A few months ago, I started using EasyOptOuts and Google’s search result removal service. Eventually, I received an email from EasyOptOuts with a list of sites my data was (supposedly) found on. This included some that I thought I remembered searching manually many months before. When I did my manual search through the list of data brokers PG had at the time, I remember only finding one that had a significant amount of data on me. Another had just my name and phone number.

I also began using Google’s search result removal service, and I sometimes receive updates on places it says it’s found my information. But I took a look at some of those sites myself and didn’t find anything.

Does anyone know why these services might say they’ve found my data on sites that don’t actually have it?
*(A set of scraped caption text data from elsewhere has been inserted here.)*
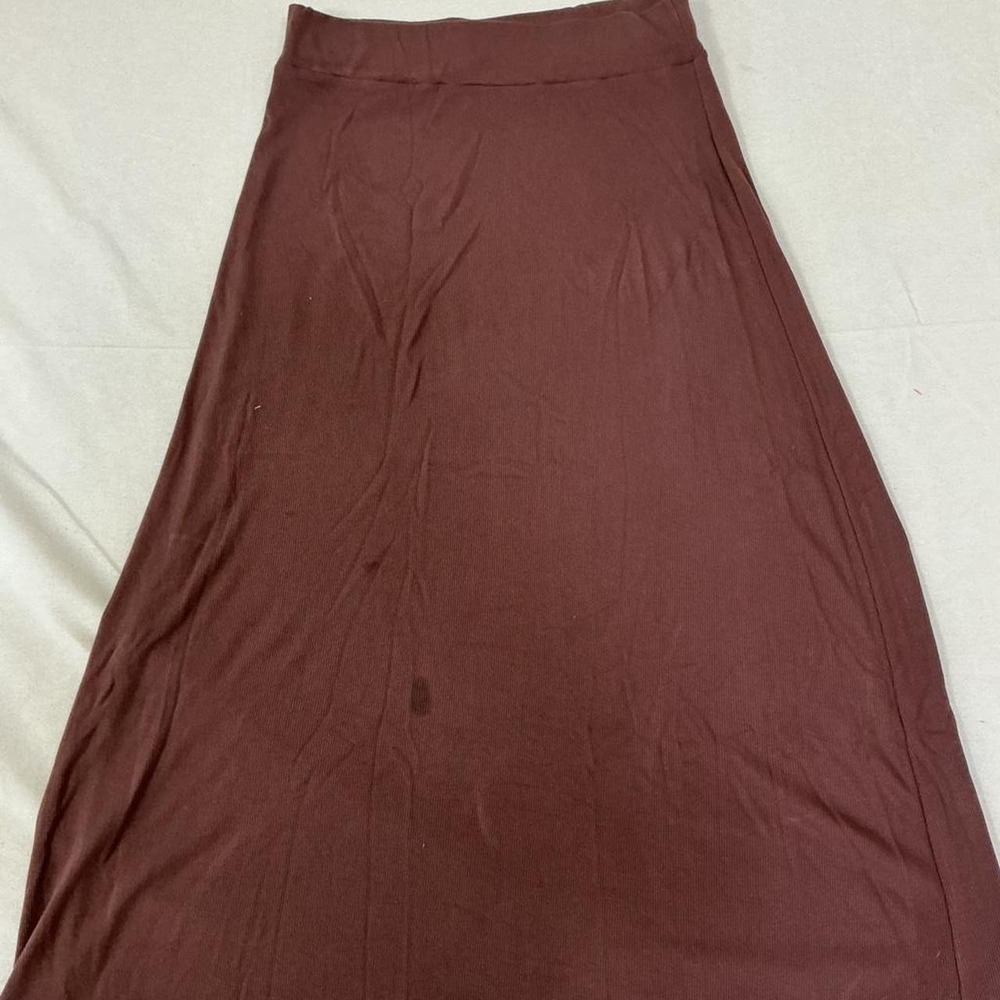 Brown midi/maxi skirt with a flattering flowy silhouette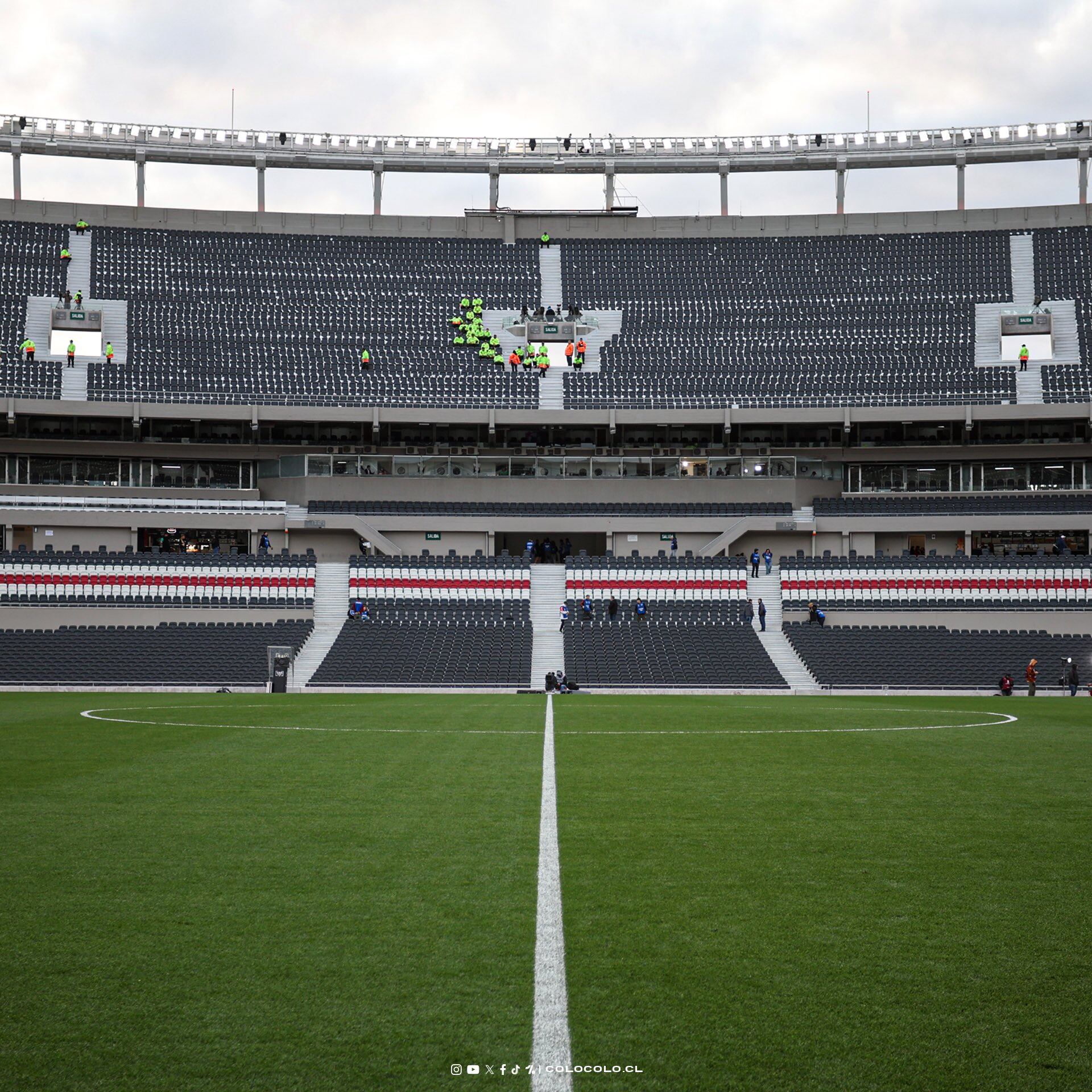 Se abrieron las puertas del estadio Monumental (@ColoColo)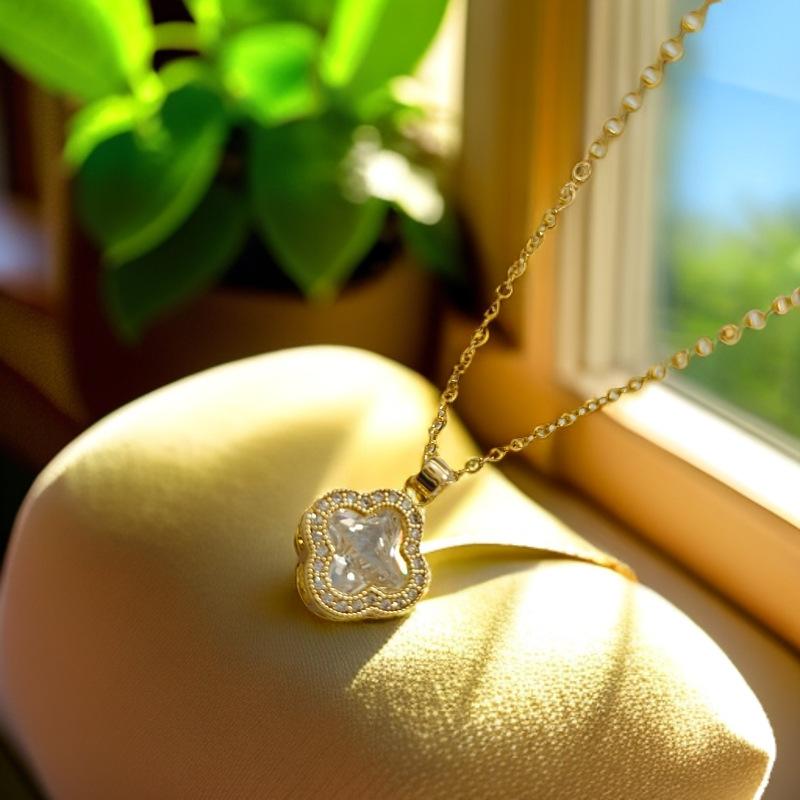 

Vintage Gold Layered Choker Necklace - Star Sun Pendant Leather Collar Set for Women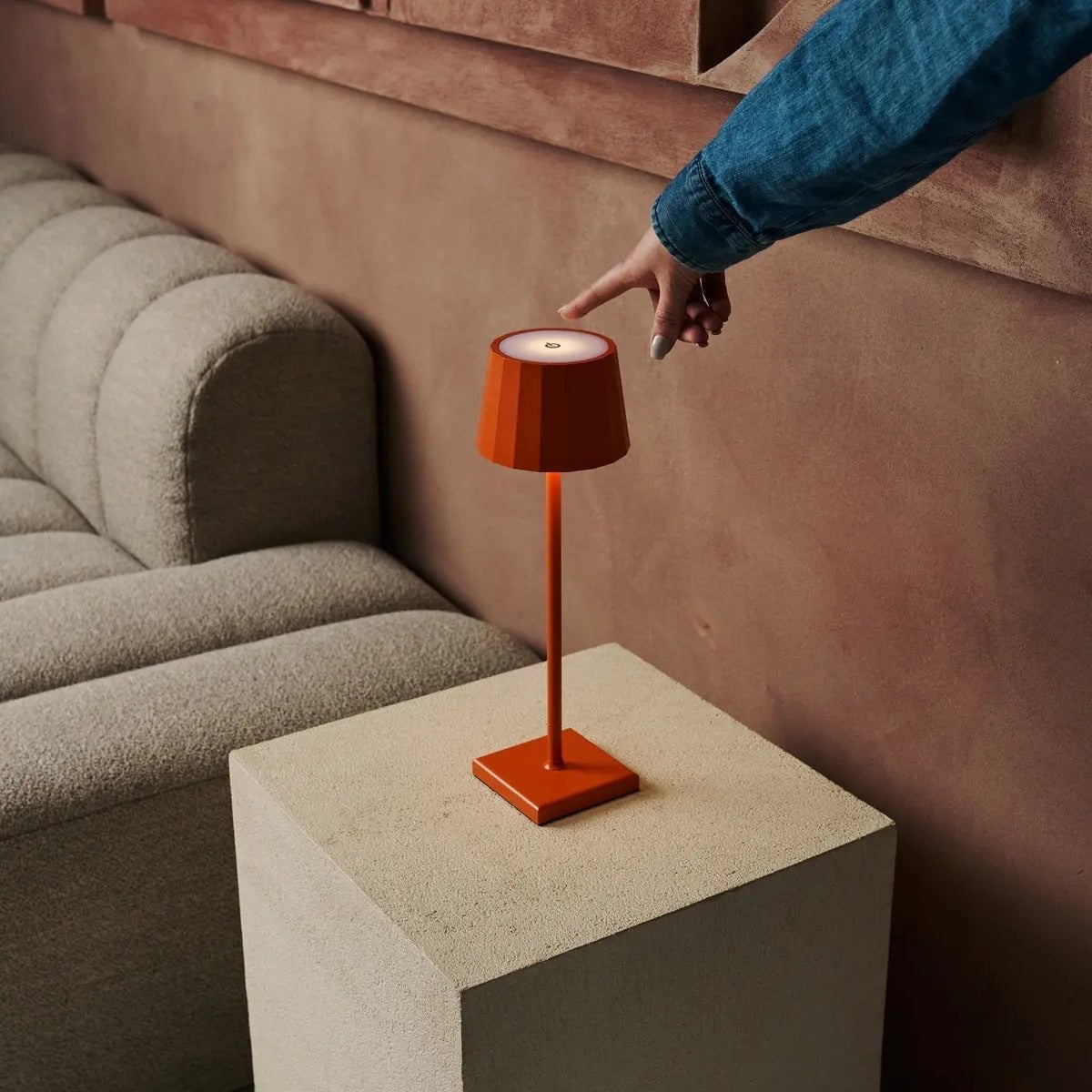 Tavellio - Wouter Oranjebloesem Oplaadbare Tafellamp | Draadloos opladen en batterijduur van 120 uur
Found this report with some stats on false positives. Only 4 data removal companies were evaluated: Optery, Incogni, Kanary & Mozilla Monitor (Onerep API).
https://arxiv.org/abs/2505.06989
https://arxiv.org/pdf/2505.06989

To evaluate the efficacy of such removal services, we then focused
on four services, recruiting 71 participants to use them. We found
that that these PII removal services struggle to discover records
accurately, with only 41.1% of the user records being correct, and
only 48.2% of records successfully removed from data brokers.

Note: Incogni does not show users the specific PII contained in the retrieved records, so Incogni participants cannot self-assess their accuracy. So the accuracy stats uses data from 3 data removal services.

IMO data removal process closely resembles spam filtering. They both rely heavily on automated systems to identity and classify records/data. They need regular fine tuning to maintain acceptable accuracy levels.

My experience is that these services do cut down on the amount of publicly available information about you extremely substantially, but I do not read or trust their reports, and I do not think they replace manual checks and opt-outs.

We’d position these primarily as a tool to help assist with and speed up the manual opt-out process, not replace it.